Mehr als 50.000 Erdbeben-Tote in Türkei und Syrien

Zweieinhalb Wochen nach den Erdbeben steigt die Zahl der Toten weiter, immer wieder gibt es Nachbeben. Der türkischen Regierung wird große Mitschuld am Ausmaß der Katastrophe attestiert.

Istanbul/Damaskus (dpa) - Zweieinhalb Wochen nach der Erdbeben-Katastrophe im türkisch-syrischen Grenzgebiet ist die Zahl der Toten auf mehr als 50.000 gestiegen.

Allein in der Türkei habe es 44.218 Opfer gegeben, berichtete die türkische Katastrophenbehörde Afad gestern Abend. Aus Syrien meldete die Weltgesundheitsorganisation (WHO) zuletzt 5900 Tote. Die Aktivisten der Syrischen Beobachtungsstelle gingen am Abend sogar von mehr als 6700 Toten aus. Hunderte Schwerverletzte schweben demnach noch in Lebensgefahr.
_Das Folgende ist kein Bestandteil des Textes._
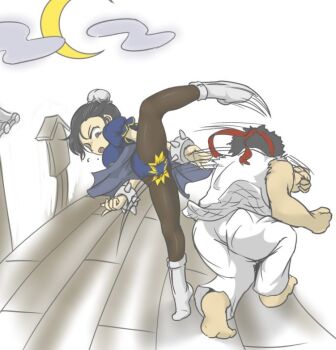 1boy 1girl barefoot capcom chinese_clothes chun-li cunt_punt dougi fighting hair_buns headband kicking mudadamuda one_leg_raised open_mouth punching ryu_(street_fighter) standing standing_on_one_leg street_fighter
Noch immer erschüttern Nachbeben die Region und lösen Panik aus. Nach Angaben der türkischen Regierung sind 20 Millionen Menschen im Land von den Auswirkungen des Bebens betroffen. Für Syrien gehen die Vereinten Nationen von 8,8 Millionen Betroffenen aus. Die Erdbebengebiete waren zunächst teilweise schwer zugänglich. Bergungsarbeiten werden aber weiter fortgesetzt, mit deren Fortschreiten steigen die Opferzahlen. Berichte über die Rettung von Überlebenden gab es in den vergangenen Tagen nicht mehr.

Türkische Architekten attestieren Regierung Mitschuld

Die türkische Architektenkammer TMMOB hat der Regierung große Mitschuld am Ausmaß der Erdbebenkatastrophe attestiert. Durch die nachträgliche Legalisierung Tausender ungenehmigter Bauten habe die Regierung das Leben etlicher Menschen aufs Spiel gesetzt, hieß es in einem Bericht der Kammer.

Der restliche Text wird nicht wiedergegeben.